Threads of Global Desire: Silk in the Pre-Modern World is the first volume in the Pasold Studies in Textile, Dress and Fashion History from the Pasold Research Fund. It is edited by Dagmar Schäfer (Director of Department 3 ‘Artefacts, Action, and Knowledge’ at the Max Planck Institute for the History of Science in Berlin and Professor h.c. of the History of Technology at the Technical University, Berlin), Giorgio Riello (Professor of Global History and Culture at the University of Warwick) and Luca Molà (is Professor of Early Modern Europe: History of the Renaissance and the Mediterranean in a World Perspective at the European University Institute in Fiesole). They have kindly contributed the following as an introduction to the book’s theme of silk as a truly global product of great economic, cultural, technological and symbolic significance that stretched across time and continents.

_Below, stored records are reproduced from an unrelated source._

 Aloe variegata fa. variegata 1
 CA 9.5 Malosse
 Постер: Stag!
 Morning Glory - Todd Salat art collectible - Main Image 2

The beautiful silk textiles that are now displayed in museums around the world underline the global importance of silk in pre-modern societies and its universal appeal as a symbol of status and wealth. As a rarity, with a high cost but unique material properties, silk triggered powerful reactions, enticing devotees and repelling critics. From its early start, the trade of silk textiles, whether for the elites or for people of more modest means, was the subject of debate and critique. Early Chinese sources delineate silk as a debauched and dissolute form of luxury. The mythical King Shang Tang is said to have succeeded in conquering the kingdom of Zhou only because the king’s concubines had been fascinated by the sound of high quality silks torn apart. On the other side of Eurasia, in Roman Italy, Emperor Diocletian in 301 CE specifically controlled the prices of raw silk, possibly from China. By this time silk had become an item donned by both men and women notwithstanding the fact in 16 CE the Senate had forbidden men from wearing this imported fabric. Silk, was considered—in the words of a historian of ancient times—‘an unambiguous marker of vice’. The opposition between public virtue and private luxury, commoners’ frugality and imperial debauchery remained a theme in Europe and China alike throughout early modernity and the wearing of silk was a frequently employed trope of moral decay. Eighteenth-century Chinese literati called to mind the fall of the king of Zhou, and European writers evoked the supreme Roman Emperor Tiberius who, fighting prodigality, ordered ‘that no silk dress should henceforth degrade a Roman citizen’.

Threads of Global Desire
Silk in the Pre-Modern World
Edited by Dagmar Schäfer, Giorgio Riello and Luca Molà
Hardback
9781783272938

Between desire and aversion, silk triggered innovation. Spurred by the prospect of high profits, kings and merchants across cultures invested into the transmission and adaptation of sericulture and the development of processing techniques and designs. Heavily patterned satins or damasks woven in Florence and Genoese workshops, for instance, produced large profits in 1546 as they suited ‘the desire and taste of the French, that is, cloths that cost little and last even less, which is exactly what that nation wants, because it would get bored if a garment lasted too long’. Despite regional differences, the silk industry universally shared standards of quality, desiring high- quality silk textiles or accessories, produced from long even threads with soft, smooth surfaces comforting to wear and appealing to the eye. Clusters of technological expertise emerged that relied on complex market networks for raw material access and distribution. The complexity of woven product explains the creation of trans-regional networks of production. This differs considerably from cotton whose core region of production—the Indian subcontinent—retained its leadership for centuries and well into the period of European industrialisation. The long history of interchange and specializations and the necessity to remain connected to achieve the goodness of silk’s material qualities and workmanship may furthermore offer a reason why silk, although it always held a strong foothold in the territories we now call China, became a regionally more universal industry with high-quality production in different parts of the world. By 1600, several areas ranging from China to Japan as well as Iran and Western Europe excelled in the production of different types of products. There was no single silk producer of silk yarn or silken textiles as there were few markets that did not offer silks from all over the world. In production and consumption, silk was burgeoning as much as depending on its global links.